• What the task requires:
Please restate, exactly as they appear, only the lines from the one that contains "A two-story brick" to the final line of the entries, with no pictures.

Top of Records for processing

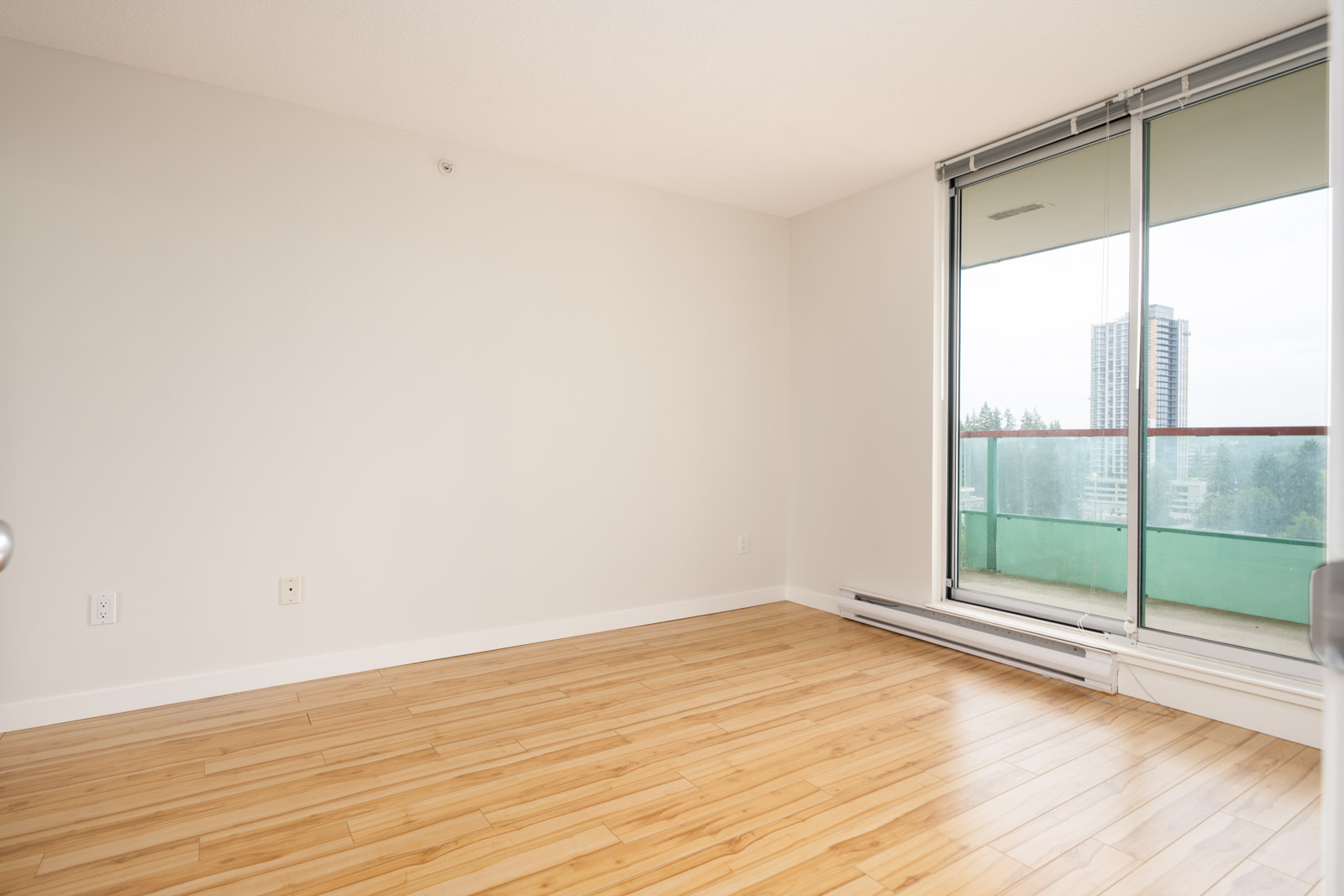 Empty room with light wood floors, white walls, large window, and sliding door to a balcony overlooking Coquitlam city.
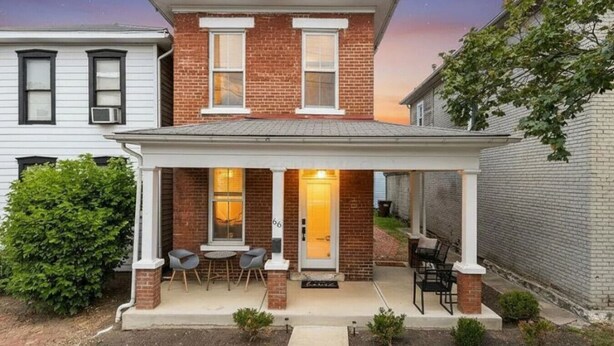 A two-story brick house with a covered patio and a front door. - Boutique Italian Village | OSU | 4BR | + 2 parking (Columbus)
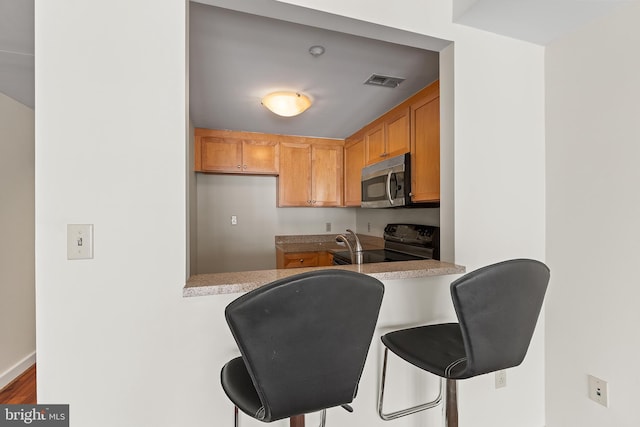 kitchen with electric range, wood-type flooring, kitchen peninsula, and a breakfast bar area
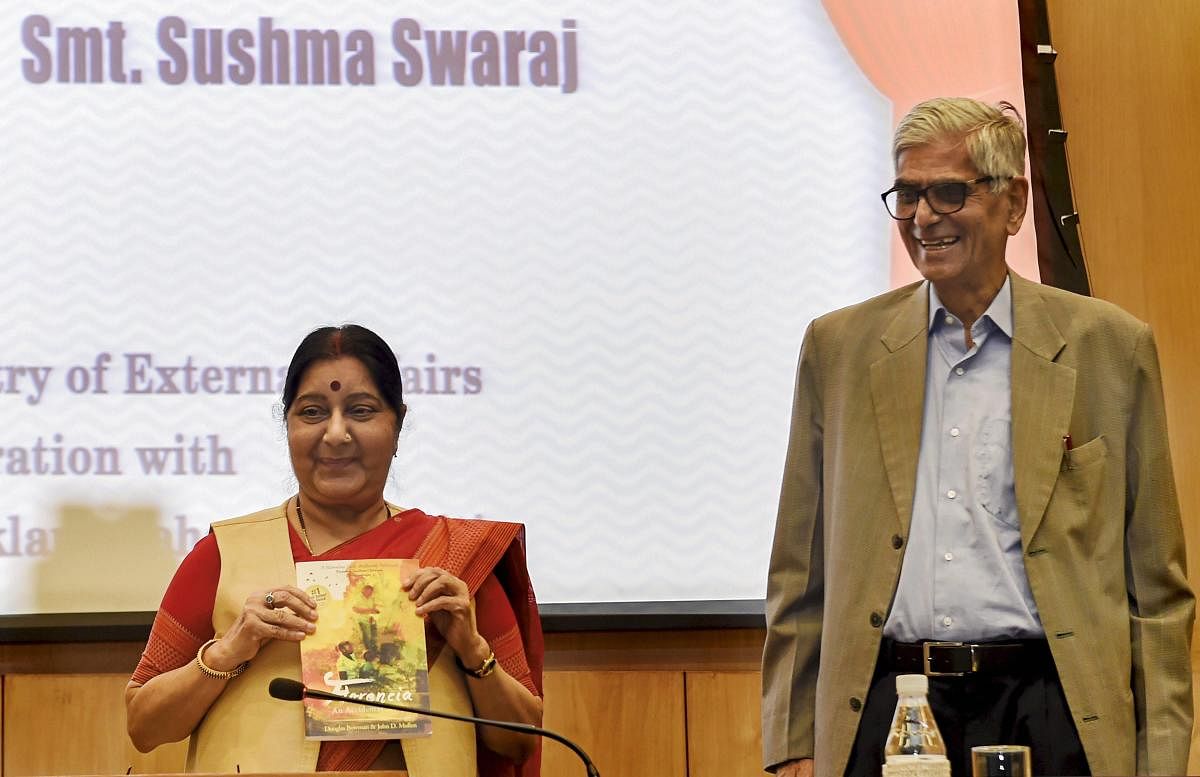 Union External Affairs Minister Sushma Swaraj releases a publication as Jaipur Foot Organisation founder DR Mehta looks on, at the launch of 'India For Humanity' initiative in New Delhi on Tuesday. PTI
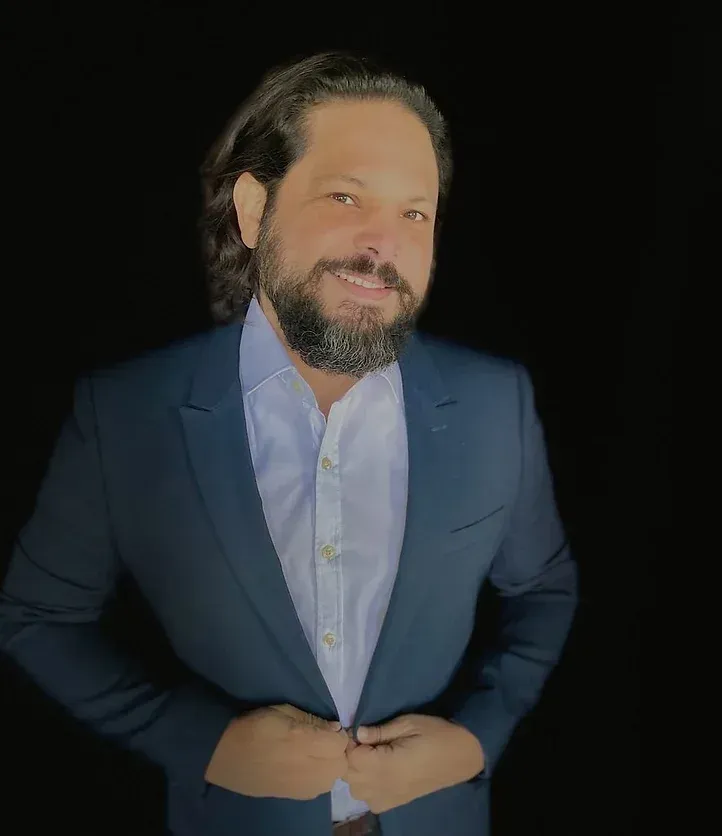 a man with a beard is wearing a blue suit and white shirt .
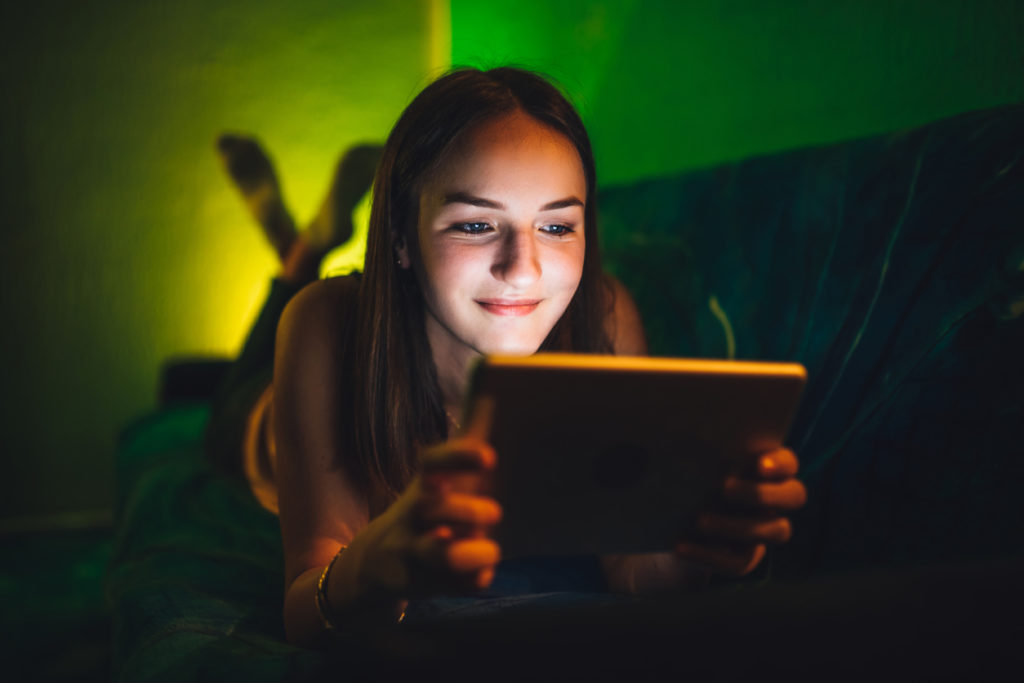 woman lying on sofa in dimly lit room holding tablet with glow from screen illuminating her face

Bottom of Records for processing

• Task result:
 A two-story brick house with a covered patio and a front door. - Boutique Italian Village | OSU | 4BR | + 2 parking (Columbus)
 kitchen with electric range, wood-type flooring, kitchen peninsula, and a breakfast bar area
 Union External Affairs Minister Sushma Swaraj releases a publication as Jaipur Foot Organisation founder DR Mehta looks on, at the launch of 'India For Humanity' initiative in New Delhi on Tuesday. PTI
 a man with a beard is wearing a blue suit and white shirt .
 woman lying on sofa in dimly lit room holding tablet with glow from screen illuminating her face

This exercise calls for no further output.